After that, I took another look at the history for the weave daemonset manifest, and I ended up finding this recent changeset. I believe that fixes this issue.

kashook on 26 Apr 2017

I suspect this is what just hit me on an upgrade from 1.5.6 to 1.6.2 using kops 1.6-beta1. After the upgrade my nodes kept breaking with PLEG unhealthy failures, and I eventually traced that down to weave being totally broken and dropping connections all the time.

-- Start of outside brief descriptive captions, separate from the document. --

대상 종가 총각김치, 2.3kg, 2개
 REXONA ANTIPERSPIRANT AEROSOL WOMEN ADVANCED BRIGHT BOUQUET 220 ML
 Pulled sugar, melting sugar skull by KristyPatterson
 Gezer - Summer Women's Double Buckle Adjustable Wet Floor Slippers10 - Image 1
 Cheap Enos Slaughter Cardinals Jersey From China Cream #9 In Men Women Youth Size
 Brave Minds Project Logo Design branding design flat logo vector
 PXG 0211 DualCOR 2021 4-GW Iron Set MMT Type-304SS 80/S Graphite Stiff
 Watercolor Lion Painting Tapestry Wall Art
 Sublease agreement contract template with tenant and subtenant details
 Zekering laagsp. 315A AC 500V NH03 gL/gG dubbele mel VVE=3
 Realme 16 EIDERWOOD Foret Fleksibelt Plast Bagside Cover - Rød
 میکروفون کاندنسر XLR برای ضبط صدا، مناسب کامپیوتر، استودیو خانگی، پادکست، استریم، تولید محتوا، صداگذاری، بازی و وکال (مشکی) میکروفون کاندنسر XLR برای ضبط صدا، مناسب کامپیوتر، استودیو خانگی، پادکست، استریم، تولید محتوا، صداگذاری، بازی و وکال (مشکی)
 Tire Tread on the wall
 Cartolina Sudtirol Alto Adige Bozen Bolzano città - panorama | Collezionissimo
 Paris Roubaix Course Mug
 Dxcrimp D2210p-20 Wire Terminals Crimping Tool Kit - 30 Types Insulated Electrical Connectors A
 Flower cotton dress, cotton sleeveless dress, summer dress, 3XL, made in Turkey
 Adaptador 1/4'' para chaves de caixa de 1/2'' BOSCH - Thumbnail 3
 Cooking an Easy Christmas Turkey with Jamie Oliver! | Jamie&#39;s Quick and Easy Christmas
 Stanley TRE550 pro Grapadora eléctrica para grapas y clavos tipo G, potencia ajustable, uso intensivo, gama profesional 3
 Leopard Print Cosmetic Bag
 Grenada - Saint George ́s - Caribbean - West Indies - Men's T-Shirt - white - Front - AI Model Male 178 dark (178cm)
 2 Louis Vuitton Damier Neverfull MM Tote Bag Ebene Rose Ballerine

I was in a rush so I moved to flannel in order to fix this on the cluster in question. I've got two more clusters to upgrade to 1.6 so I can verify that the daemonset is bust when I do those.

apenney on 4 May 2017

I think this was fixed with kops1.6-alpha2 beause when i upgraded my production cluster from 1.5.2 --> 1.6.2 it worked without issues.

hollowimage on 4 May 2017

I tested upgrading a cluster running Kubernetes 1.5.2 that was created using kops 1.5.1 to Kubernetes 1.6.2 using kops 1.6.0-beta.1 twice, and I ended up with masters saying they were not ready both times. The cluster had 3 masters and 2 nodes. Weave was not running on the masters that were stuck as NotReady. (The first time one master was not ready, the second time two masters were not ready). Unlike before however, I did _not_ see the above error in protokube, and the weave-net daemonset appears to have applied to the cluster. (I dumped out the manifest with kubectl and it referred to weave 1.9.4). I used kubectl to delete the weave-net daemoneset and then manually applied the weave manifest, and weave came up on all the systems and everything started saying it was ready.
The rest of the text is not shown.